Alan Modra [Sat, 17 Aug 2013 08:54:58 +0000 (18:24 +0930)]
PowerPC floating point little-endian [3 of 15]
http://sourceware.org/ml/libc-alpha/2013-08/msg00083.html
Further replacement of ieee854 macros and unions. These files also
have some optimisations for comparison against 0.0L, infinity and nan.
Since the ABI specifies that the high double of an IBM long double
pair is the value rounded to double, a high double of 0.0 means the
low double must also be 0.0. The ABI also says that infinity and
nan are encoded in the high double, with the low double unspecified.
This means that tests for 0.0L, +/-Infinity and +/-NaN need only check
the high double.
* sysdeps/ieee754/ldbl-128ibm/e_atan2l.c (__ieee754_atan2l): Rewrite
all uses of ieee854 long double macros and unions.
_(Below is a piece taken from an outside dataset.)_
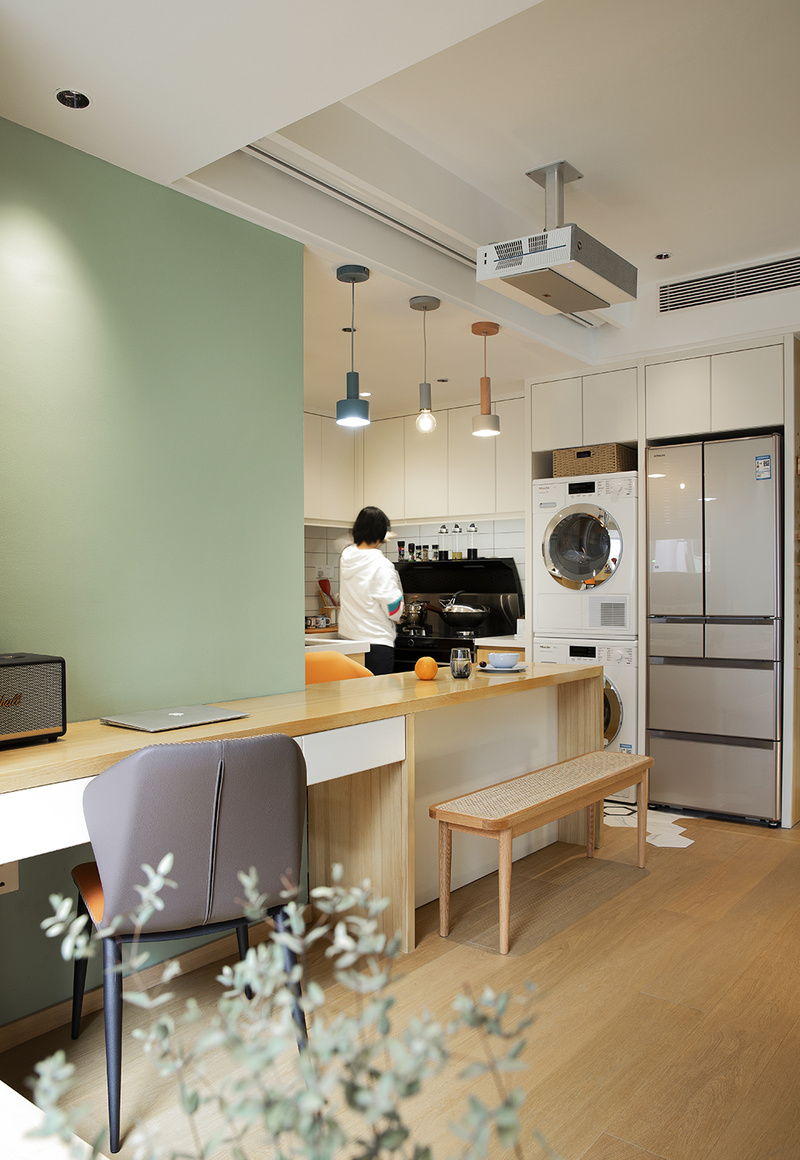 休闲区到办公区，再到极具互动性的餐厨区域，空间与空间的关联与衔接不会因为面积户型和改变。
Simplify tests
for long doubles that are fully specified by the high double.
* sysdeps/ieee754/ldbl-128ibm/e_gammal_r.c (__ieee754_gammal_r):
Likewise.
* sysdeps/ieee754/ldbl-128ibm/e_ilogbl.c (__ieee754_ilogbl): Likewise.
Remove dead code too.
* sysdeps/ieee754/ldbl-128ibm/e_jnl.c (__ieee754_jnl): Likewise.
(__ieee754_ynl): Likewise.
* sysdeps/ieee754/ldbl-128ibm/e_log10l.c (__ieee754_log10l): Likewise.
* sysdeps/ieee754/ldbl-128ibm/e_logl.c (__ieee754_logl): Likewise.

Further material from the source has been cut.